What Should Parents Pay Attention To?

– First of all, if husband-wife quarrels cannot be prevented, this should not be reflected to the child. Parents should avoid arguments in front of the child.

– If the child has witnessed the argument at home, parents should take care to resolve the argument. The resolution of the argument between the parents reduces the emotional and behavioral effect of the fight on the child. The resolution of the problems between the parents causes the children to feel that this conflict is constructive, and the child’s reaction changes accordingly. Constructive discussions that have been resolved are important for both parents and children. Although it is not always possible to find a solution in front of the child, children will benefit from an explanation on this issue. However, it is very important that the words in the statements made are consistent with the behaviors. The message that the child receives from the speeches of his parents and the message he receives from the movement and tone of voice should not be contradictory.

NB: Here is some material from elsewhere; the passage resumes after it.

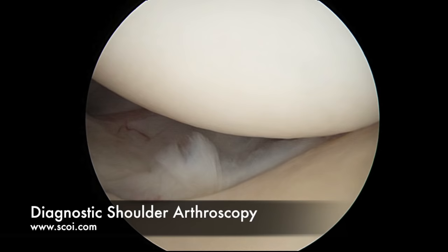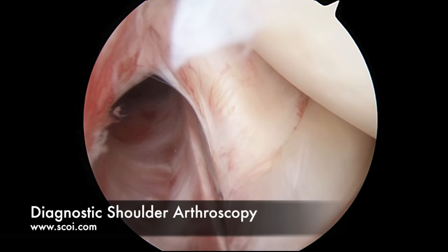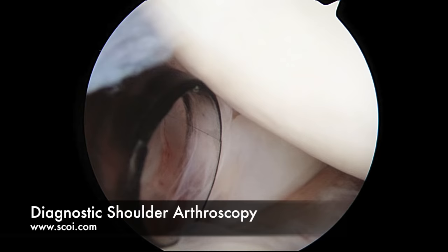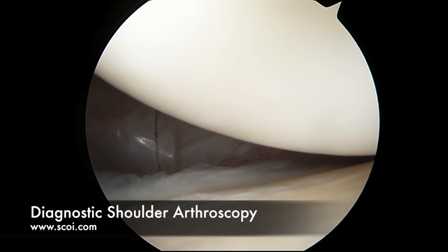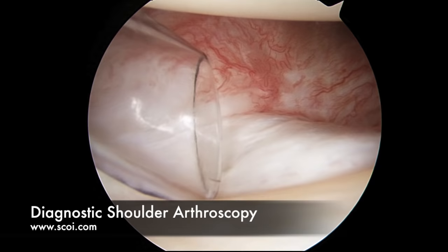Anteriorly is next. The anterior labrum in front of the biceps looks just fine. Behind that is the subscapularis muscle, which helps you internally rotate your arm and get it up the back of your spine. Coming down anteriorly along the anterior labrum, this is all intact. If you tear these ligaments here, the shoulder is more likely to dislocate. People that dislocate their shoulders tend to have a detached labrum anteriorly in the shoulder.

-The child should not be given the duty of “arbitrator” during the fight process. The mother or father should not tell the child about their complaints about each other, should not abuse each other to the child, and should not pressure the child to take sides.

-Mothers and fathers should not reflect their anger on the child during the discussion, and should not take their anger out on the child as if the child has made a mistake.

-Discussions, especially about the child, should not be held in front of the child. Arguments about himself can cause problems such as guilt, shame, inferiority complex, and introversion in the child.

In summary; If spouses have complaints from each other and cannot resolve this situation among themselves, they should definitely seek support from a specialist. The personality development of children who grow up in fighting environments with violence, humiliation and insults is seriously impaired. Parents should think about the future of their children and should not allow difficult-to-treat wounds in their child’s psychology.